_Your goal_.
Could you reproduce the entries exactly, omitting every picture?

_Data shown_.

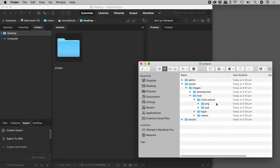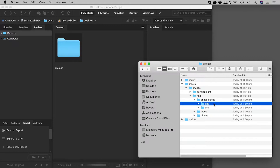I have here an operating system window, and I would like to preview this deeply nested folder inside Adobe Bridge, which I have open back here. Now I don't want to have to re-navigate my way to that folder. Good news is, we can preview this folder by simply dragging and dropping it into Bridge.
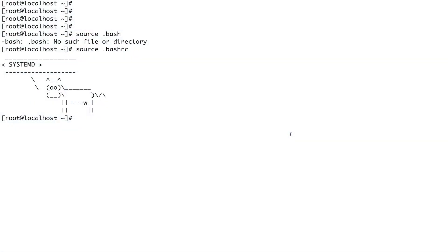Welcome back to the channel. In this video I will be talking about systemd dependencies — this is probably the last video of this section. To accommodate the need for flexibility and fault tolerance, systemd gives you a lot of dependency types. Let's look at a few basic dependency types.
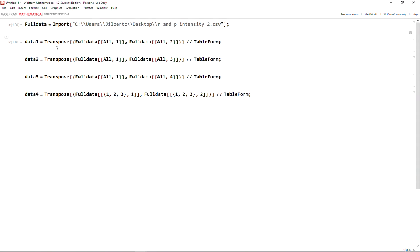If you have a large file and you want to choose specific columns to be your column one and column two, for instance, for data one I'm choosing column one and column two of this large file.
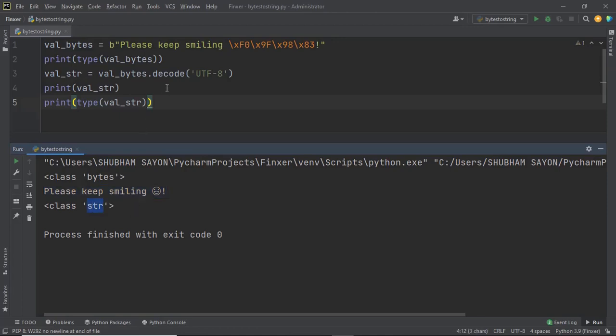So this is how you can use the decode method to convert a bytes object to a string object.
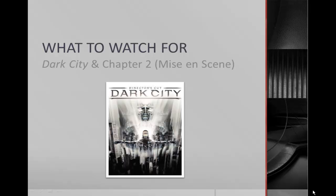Hi everyone, this is Dale Guthrie. This is 'What to Watch For' this week, where our focus is on the movie Dark City, our last movie to prominently feature aliens and how they interact with humans. From the textbook we're focusing on chapter two, which covers a term known as mise-en-scène, a French term. This is a very visual chapter — please make sure as you go through it that you're looking at the pictures and the captions. There are some excellent examples in there.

_Expected output_.
I have here an operating system window, and I would like to preview this deeply nested folder inside Adobe Bridge, which I have open back here. Now I don't want to have to re-navigate my way to that folder. Good news is, we can preview this folder by simply dragging and dropping it into Bridge.
Welcome back to the channel. In this video I will be talking about systemd dependencies — this is probably the last video of this section. To accommodate the need for flexibility and fault tolerance, systemd gives you a lot of dependency types. Let's look at a few basic dependency types.
If you have a large file and you want to choose specific columns to be your column one and column two, for instance, for data one I'm choosing column one and column two of this large file.
So this is how you can use the decode method to convert a bytes object to a string object.
Hi everyone, this is Dale Guthrie. This is 'What to Watch For' this week, where our focus is on the movie Dark City, our last movie to prominently feature aliens and how they interact with humans. From the textbook we're focusing on chapter two, which covers a term known as mise-en-scène, a French term. This is a very visual chapter — please make sure as you go through it that you're looking at the pictures and the captions. There are some excellent examples in there.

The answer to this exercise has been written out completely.